Items from a data source
————

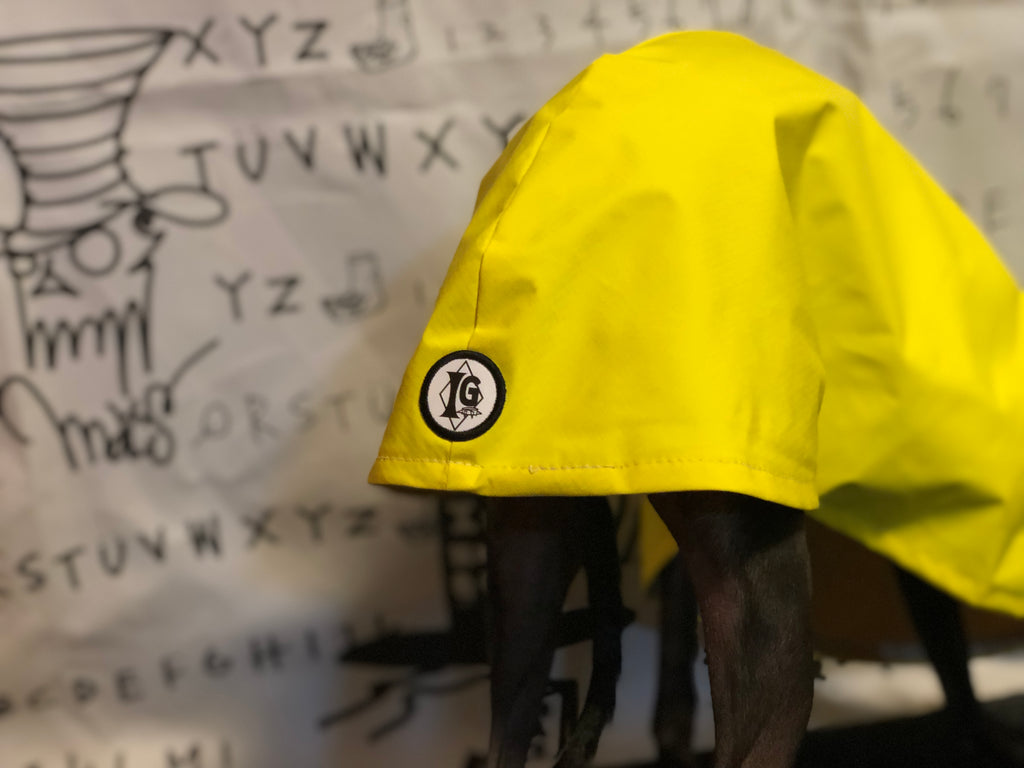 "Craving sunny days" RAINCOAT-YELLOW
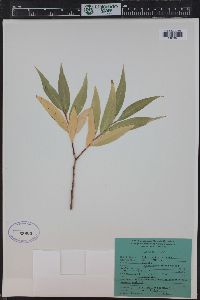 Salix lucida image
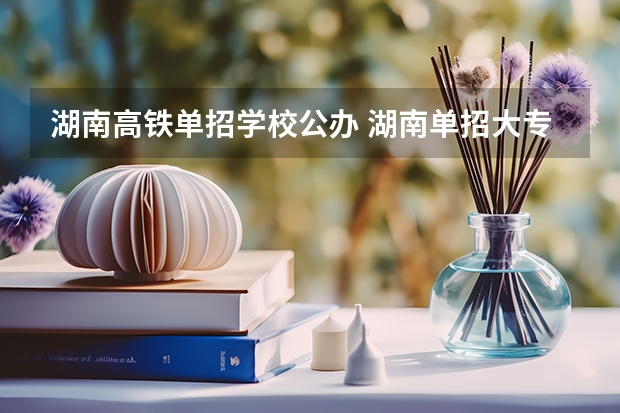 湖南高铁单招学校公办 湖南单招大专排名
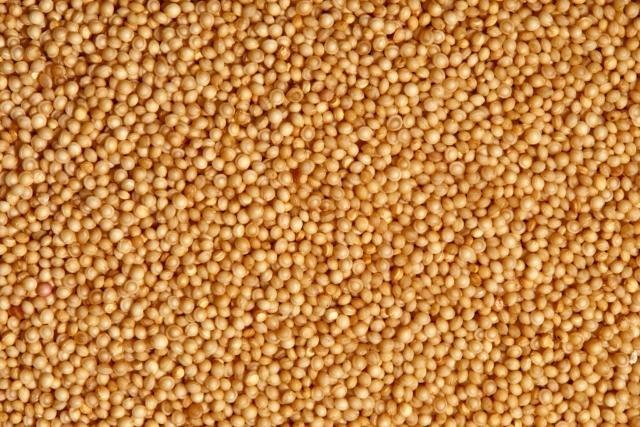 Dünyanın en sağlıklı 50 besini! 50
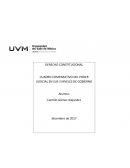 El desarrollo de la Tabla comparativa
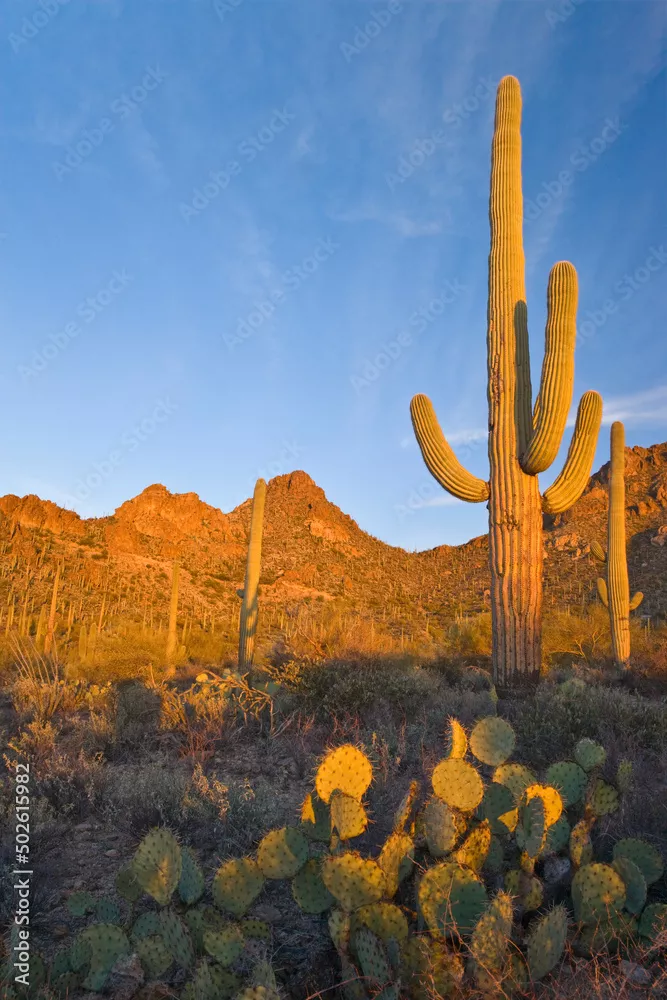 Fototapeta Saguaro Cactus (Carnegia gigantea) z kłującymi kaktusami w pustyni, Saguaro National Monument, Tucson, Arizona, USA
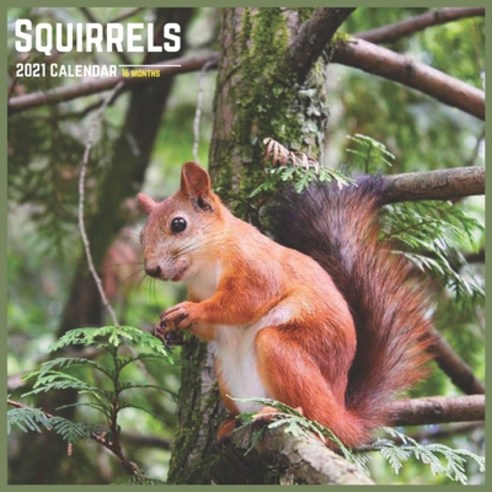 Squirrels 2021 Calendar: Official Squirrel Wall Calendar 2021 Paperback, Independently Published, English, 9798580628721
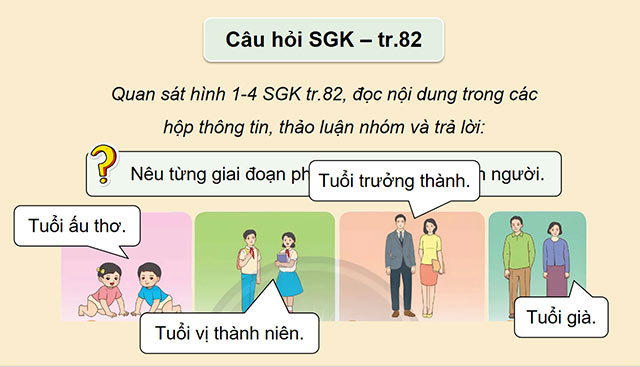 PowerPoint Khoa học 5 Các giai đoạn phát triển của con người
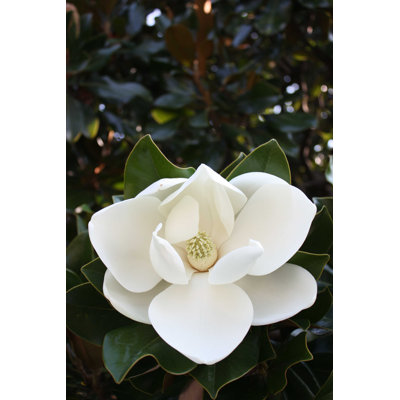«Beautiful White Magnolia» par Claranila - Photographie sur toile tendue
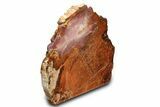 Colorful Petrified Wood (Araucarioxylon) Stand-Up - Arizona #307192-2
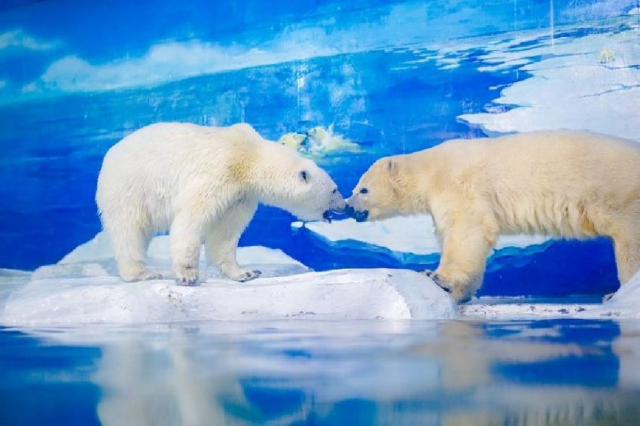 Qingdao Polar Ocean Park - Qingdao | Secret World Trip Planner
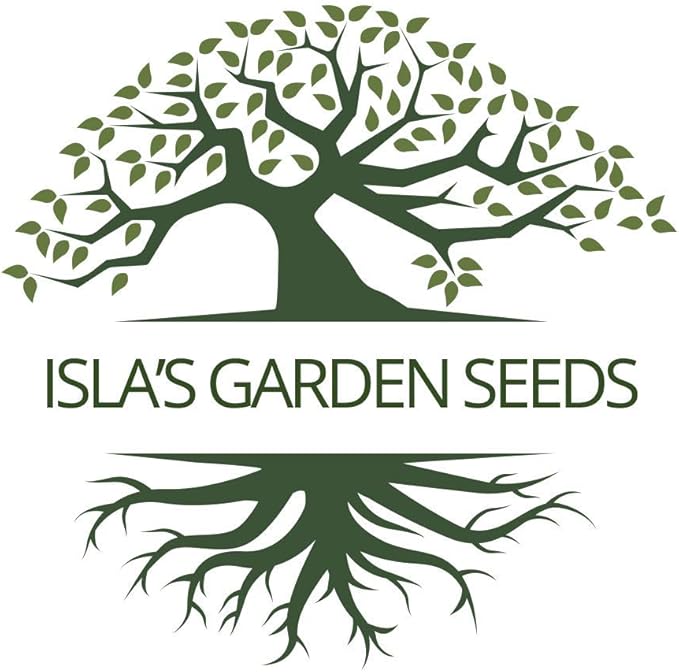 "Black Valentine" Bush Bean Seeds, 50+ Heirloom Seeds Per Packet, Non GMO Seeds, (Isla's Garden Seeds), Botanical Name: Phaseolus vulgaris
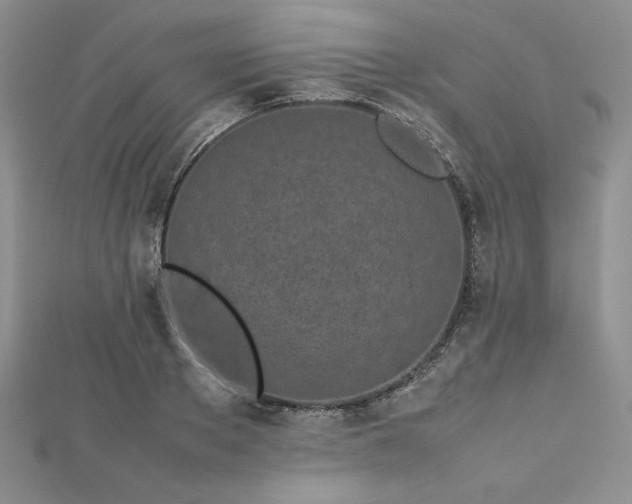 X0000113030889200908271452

————

Task description
All of the data above should be quoted exactly, except for the pictures.

Solution to this problem
 "Craving sunny days" RAINCOAT-YELLOW
 Salix lucida image
 湖南高铁单招学校公办 湖南单招大专排名
 Dünyanın en sağlıklı 50 besini! 50
 El desarrollo de la Tabla comparativa
 Fototapeta Saguaro Cactus (Carnegia gigantea) z kłującymi kaktusami w pustyni, Saguaro National Monument, Tucson, Arizona, USA
 Squirrels 2021 Calendar: Official Squirrel Wall Calendar 2021 Paperback, Independently Published, English, 9798580628721
 PowerPoint Khoa học 5 Các giai đoạn phát triển của con người
«Beautiful White Magnolia» par Claranila - Photographie sur toile tendue
 Colorful Petrified Wood (Araucarioxylon) Stand-Up - Arizona #307192-2
 Qingdao Polar Ocean Park - Qingdao | Secret World Trip Planner
 "Black Valentine" Bush Bean Seeds, 50+ Heirloom Seeds Per Packet, Non GMO Seeds, (Isla's Garden Seeds), Botanical Name: Phaseolus vulgaris
 X0000113030889200908271452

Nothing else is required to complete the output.